Ce texte était, en quelque sorte, une demande d’allégeance culturelle de l’Europe. C’était même un chantage, puisque la fin du texte affirmait que, si les États-Unis « restent attachés à un partenariat solide avec l’Europe », ils souhaitaient « des actions tangibles » pour « la protection des droits de liberté d’expression des entreprises et des citoyens américains ».

Il faut comprendre cela comme une ingérence contre nos lois, nationales et européennes, sur les discours racistes, d’incitation à la haine, ou encore tout l’éventail de lois cherchant à réglementer la parole en ligne et les grandes plateformes de la Tech américaine. Il faut prendre garde à leur instrumentalisation de la notion de « liberté d’expression », que les trumpistes cherchent à exporter à l’international. Or aux Etats-Unis même, cette notion a fait l’objet de multiples redéfinitions juridiques, y compris pour la presse.

Je pense toutefois qu’il y a une distinction à faire entre l’Europe et l’Union européenne. 

L’Europe demeure la part originelle de cet « Occident judéo-chrétien » (« judéo » est un ajout récent) que Trump et le trumpisme se sont donnés comme mission de défendre, « l’alliance civilisationnelle » à laquelle se réfère Samuel Samson dans son texte.

En ce sens, l’Europe est importante, car elle est centrale dans leur vision qui considère l’Occident comme menacé de l’intérieur par les « wokistes » (leur manière de définir toute gauche), et de l’extérieur par l’Islam, la Chine, etc.

L’Union est quant à elle une sorte de symbole, de némésis, de tout ce à quoi Trump et le trumpisme s’opposent : des États-nations qui se regroupent pour coopérer et donc faire des compromis, qui remettent une part de souveraineté à des instances supranationales… c’est tout ce que la nouvelle droite américaine abhorre.

L’Union a des lois de régulation sur les Big Tech, notamment des plateformes et des discours. Les pays européens ont aussi des lois nationales dans plusieurs pays, dont certaines sont très anciennes — telles que les lois en France sur la liberté de la presse. L’Union est aussi une puissance commerciale, et il est clair que Trump préfère négocier en bilatéral avec des pays plus petits.

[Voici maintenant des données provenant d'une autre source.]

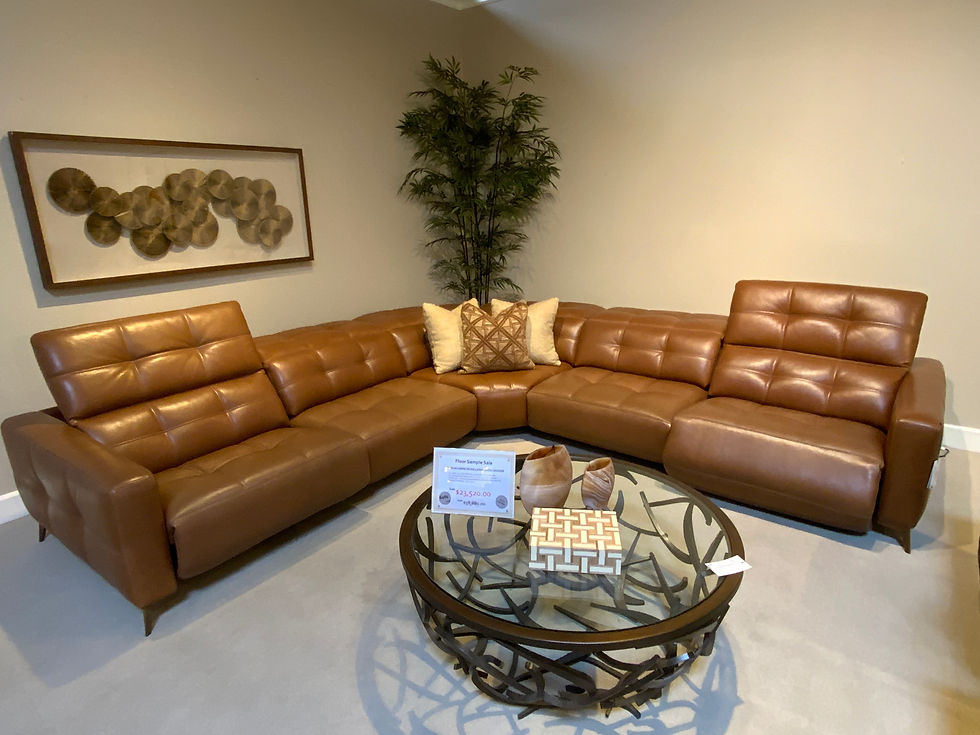Thumbnail: American Leather (5) piece reclining leather motion sectional 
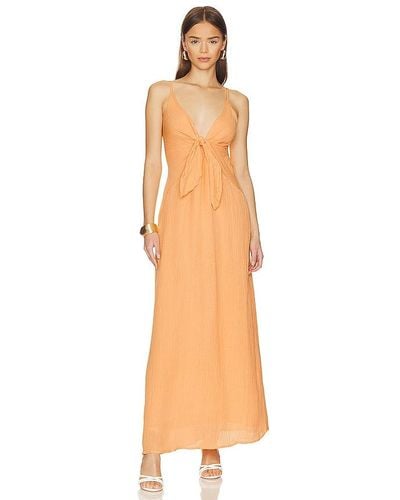 Faithfull The Brand Verona Midi Dress - Orange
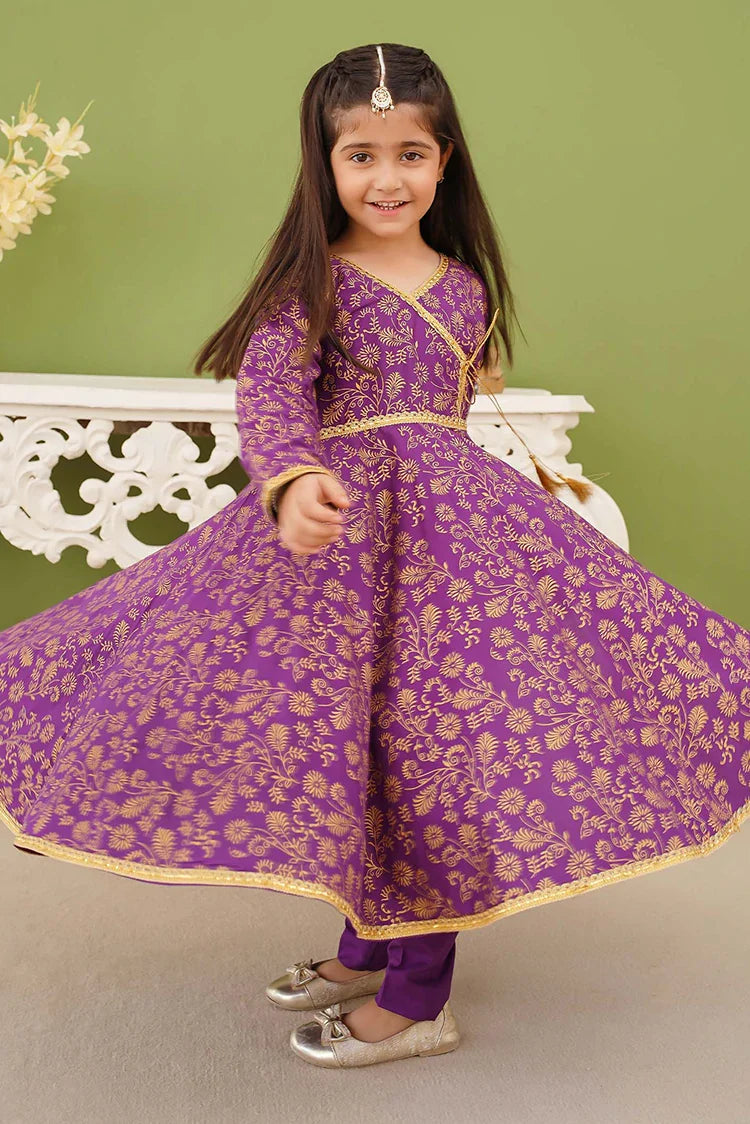 Picture of Modest - 3 Piece Linen Purple Printed Suit - Available at Raja Sahib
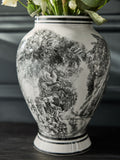 Laurence Llewelyn-Bowen ivory black toile print ceramic vase 30cm height, UK version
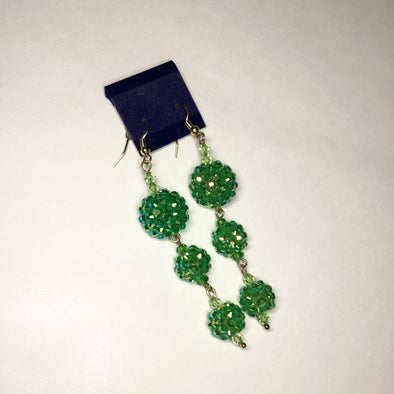 Three tier Sparkling Green Dangle Earrings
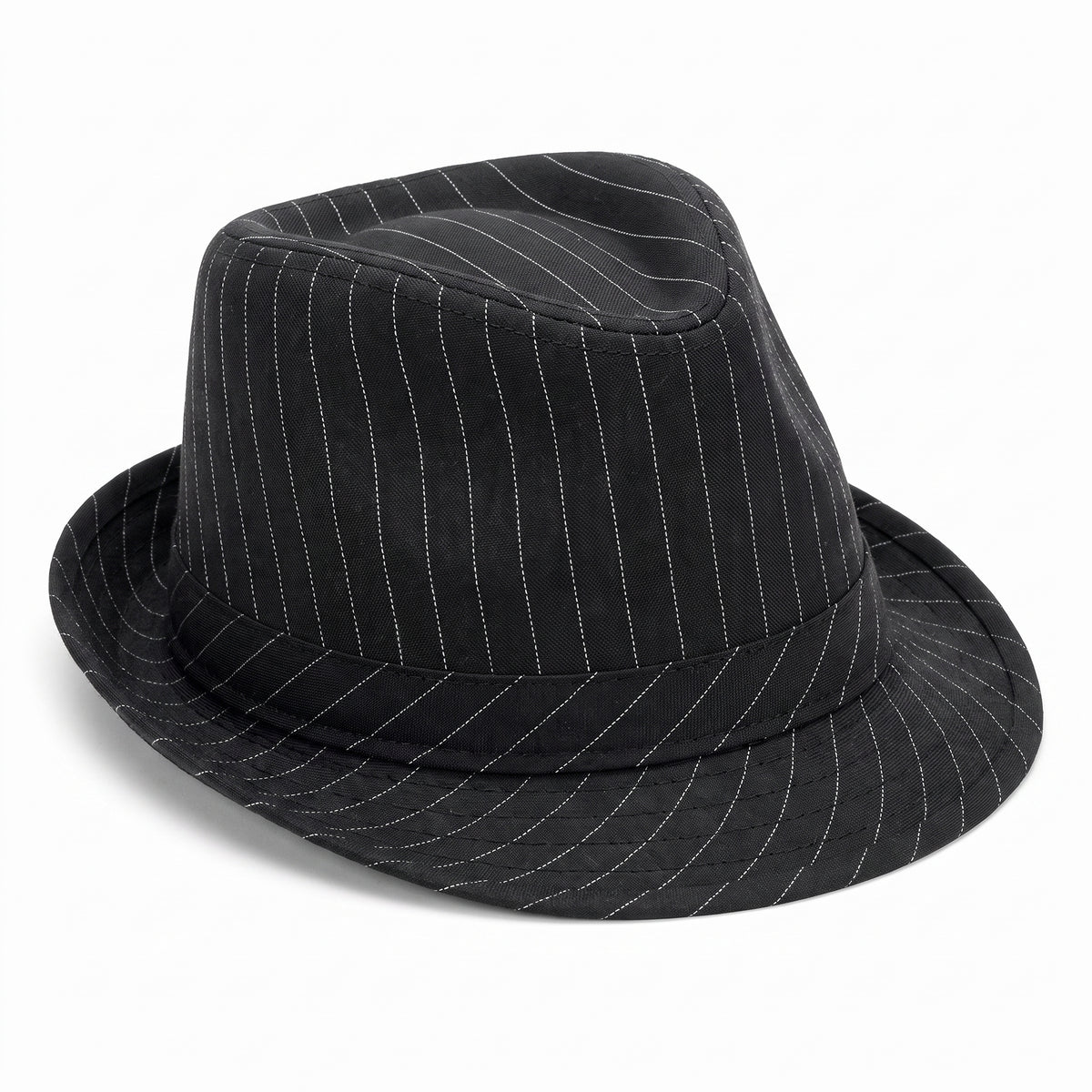 Classic Black & White Pinstripe Fedora Hat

Ce texte est une vraie ingérence qui est menaçante pour nos lois de la part d’une administration qui, elle-même, est en train de politiser et de réécrire sa propre jurisprudence, notamment sur la liberté d’expression.

L’Union est une grande puissance qui gêne les trumpistes.

Maya Kandel

Les trumpistes cherchent-ils à fragmenter l’Europe ? 

Il y a d’une part l’idéologie d’un retour à l’État-nation, qui intéresse les trumpistes eux-mêmes. C’est ce qu’ils veulent voir advenir aux États-Unis, avec plus de nationalisme, moins de libre-échange, et moins de confiance dans les accords et les alliances comme l’OTAN.

D’autre part, par rapport à l’Europe, il y a effectivement la volonté de briser une Union qui, économiquement au moins, peut rivaliser avec les États-Unis. Trump déteste ce pouvoir commercial de l’Union. C’est donc l’idée qu’il faut diviser pour mieux régner. L’idéologie du retour à l’État-nation sert donc, dans le même temps, les intérêts économiques et politiques américains.

Elon Musk s’inscrit aussi dans ce mouvement : les partis qu’il soutient sont exclusivement des partis anti-Union européenne, anti-Bruxelles — qui dispose du pouvoir réglementaire sur l’IA, mais aussi du DSA et du DMA, les réglementations sur les Big Tech et sur le commerce.

Le trumpisme porte une vision du monde fondée sur le retour à la Realpolitik, les grandes puissances. Trump considère les intérêts en termes économiques et commerciaux essentiellement, et dans cette optique-là, l’Union est une grande puissance qui les gêne.